Your goal
Pictures must not appear in the copy. Restate exactly the lines below from the one with "Q1. Marasmus is" through the one with "Hello and welcome to", inclusive.

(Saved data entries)
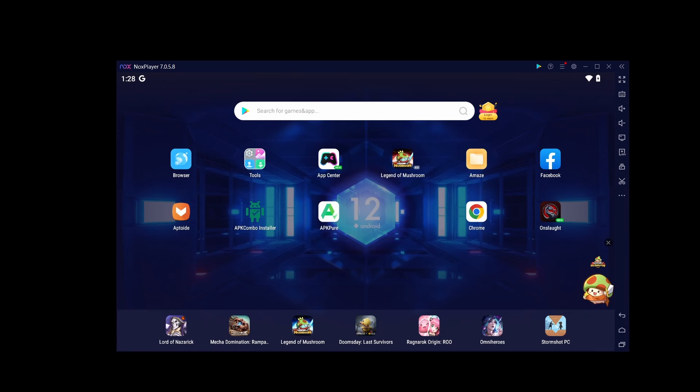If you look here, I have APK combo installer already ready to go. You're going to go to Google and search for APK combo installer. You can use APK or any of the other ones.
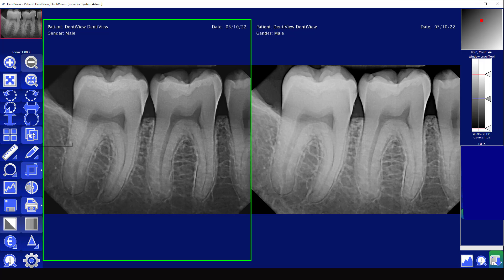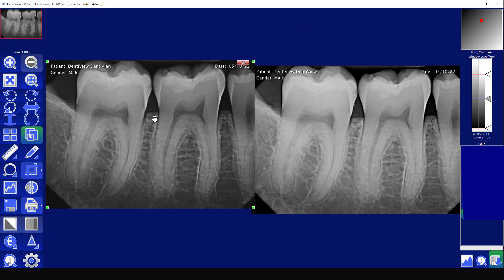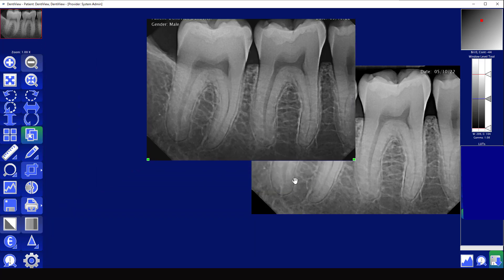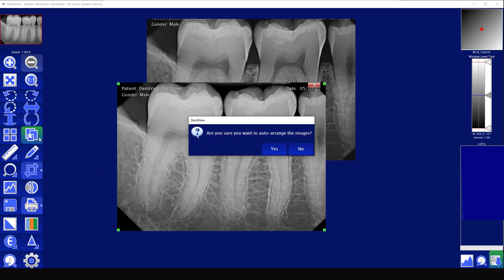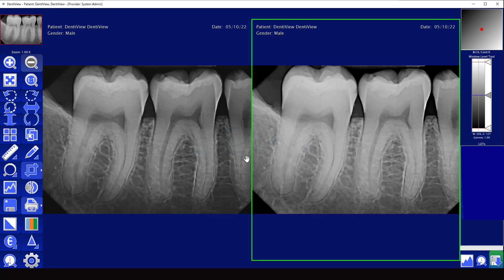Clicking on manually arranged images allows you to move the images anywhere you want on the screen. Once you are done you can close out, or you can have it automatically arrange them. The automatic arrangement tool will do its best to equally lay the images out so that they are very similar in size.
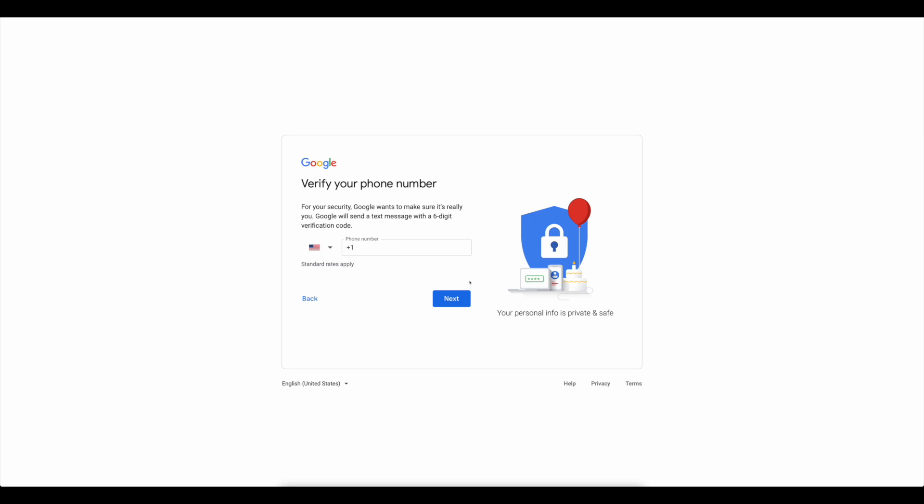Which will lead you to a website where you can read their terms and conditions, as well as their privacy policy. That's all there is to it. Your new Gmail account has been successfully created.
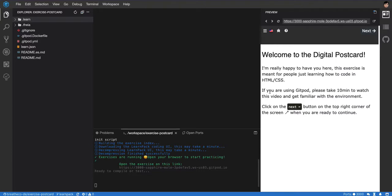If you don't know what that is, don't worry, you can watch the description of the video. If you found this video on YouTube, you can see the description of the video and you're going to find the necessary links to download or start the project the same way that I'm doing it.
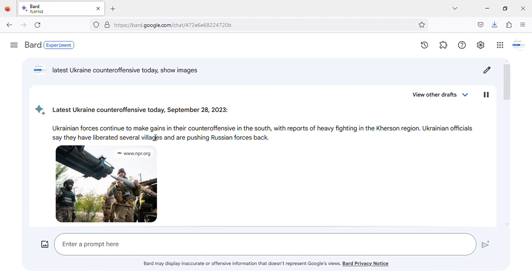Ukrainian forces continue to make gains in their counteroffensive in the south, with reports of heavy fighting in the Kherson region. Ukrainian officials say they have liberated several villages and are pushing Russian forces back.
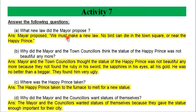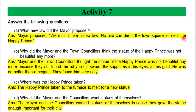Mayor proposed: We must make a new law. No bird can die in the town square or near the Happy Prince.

---

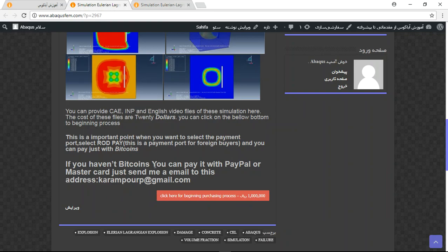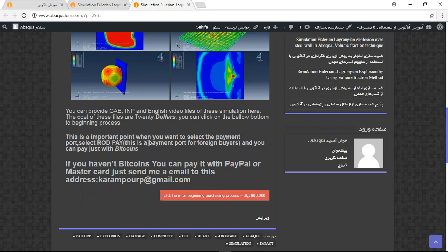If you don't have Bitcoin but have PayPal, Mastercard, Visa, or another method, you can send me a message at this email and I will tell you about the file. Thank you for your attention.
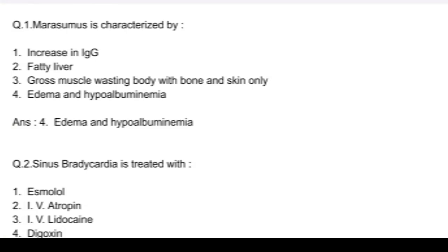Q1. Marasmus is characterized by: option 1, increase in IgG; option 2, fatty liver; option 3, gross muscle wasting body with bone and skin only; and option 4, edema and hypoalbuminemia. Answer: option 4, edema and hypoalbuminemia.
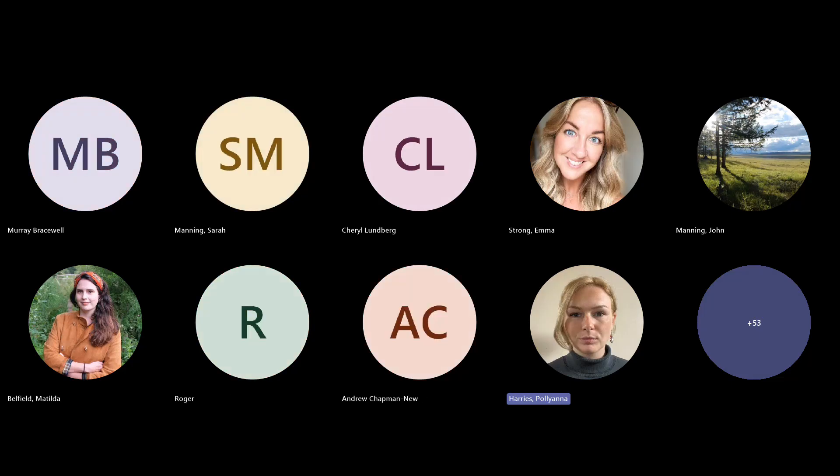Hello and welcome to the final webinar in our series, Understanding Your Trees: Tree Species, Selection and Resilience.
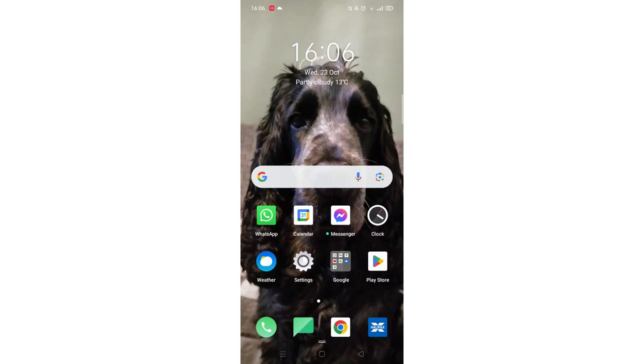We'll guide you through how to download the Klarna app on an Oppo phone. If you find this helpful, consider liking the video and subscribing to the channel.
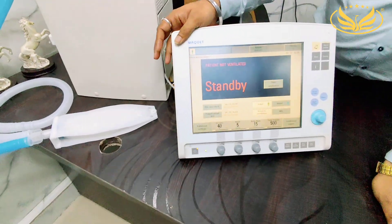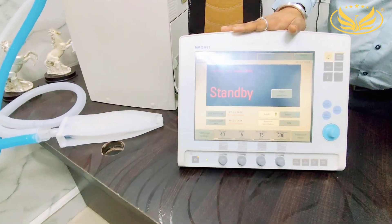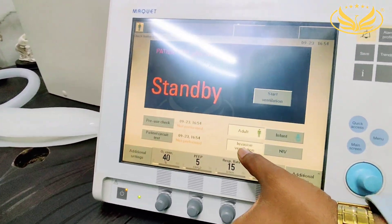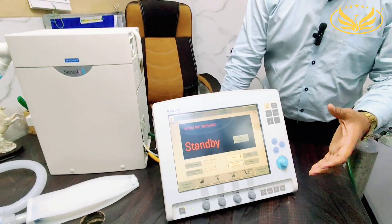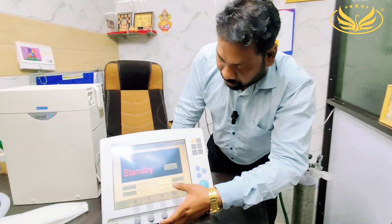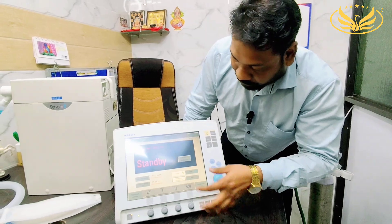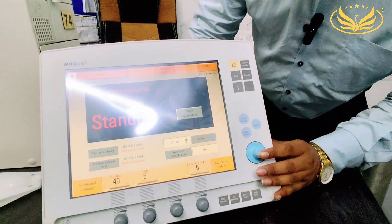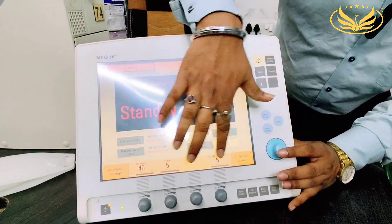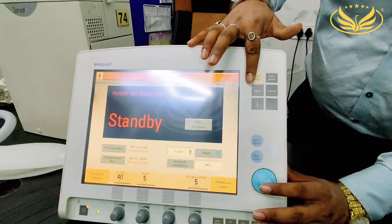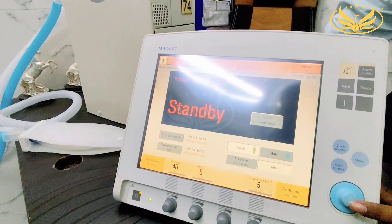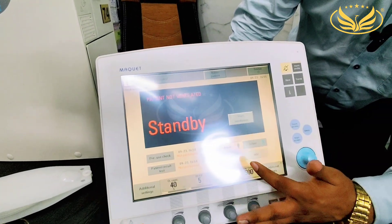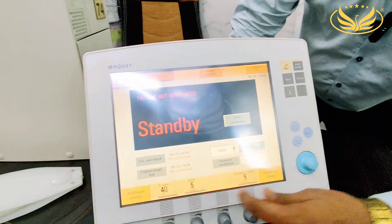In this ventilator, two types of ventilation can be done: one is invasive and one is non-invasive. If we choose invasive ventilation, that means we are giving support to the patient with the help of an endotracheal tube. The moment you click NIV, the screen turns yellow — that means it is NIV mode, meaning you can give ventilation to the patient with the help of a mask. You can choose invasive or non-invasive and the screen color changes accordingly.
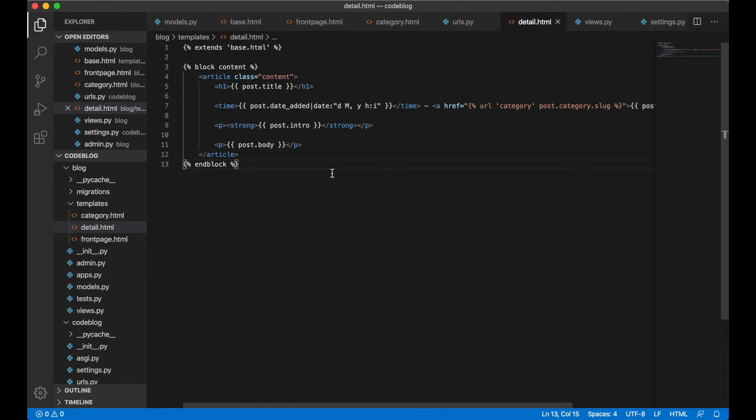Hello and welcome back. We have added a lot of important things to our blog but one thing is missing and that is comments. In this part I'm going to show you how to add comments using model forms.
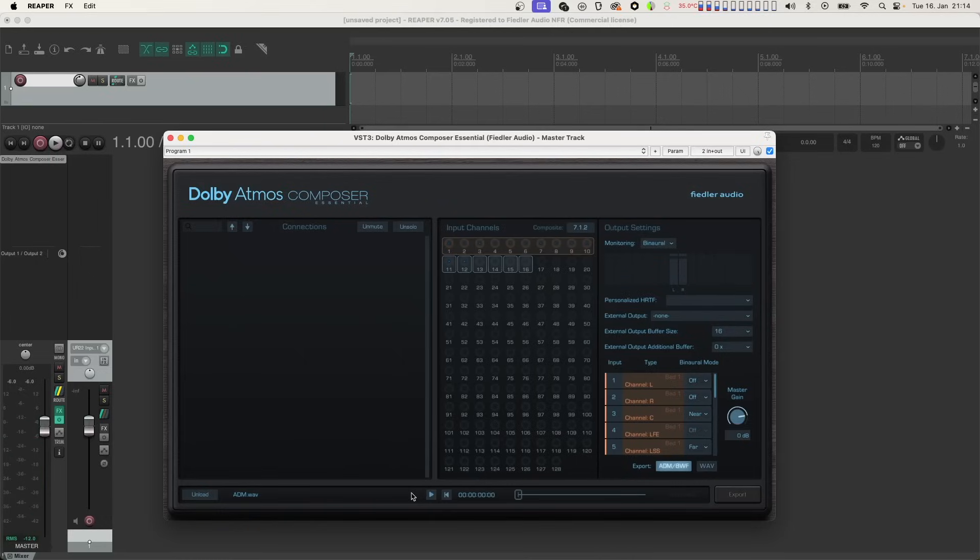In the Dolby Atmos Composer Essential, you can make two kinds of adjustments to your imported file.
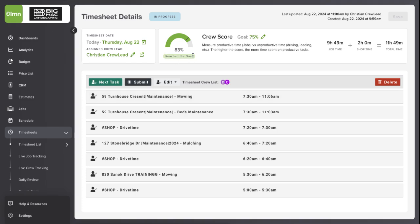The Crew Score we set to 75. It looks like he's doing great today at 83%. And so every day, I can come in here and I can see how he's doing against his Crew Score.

Solution
Q1. Marasmus is characterized by: option 1, increase in IgG; option 2, fatty liver; option 3, gross muscle wasting body with bone and skin only; and option 4, edema and hypoalbuminemia. Answer: option 4, edema and hypoalbuminemia.
Hello and welcome to the final webinar in our series, Understanding Your Trees: Tree Species, Selection and Resilience.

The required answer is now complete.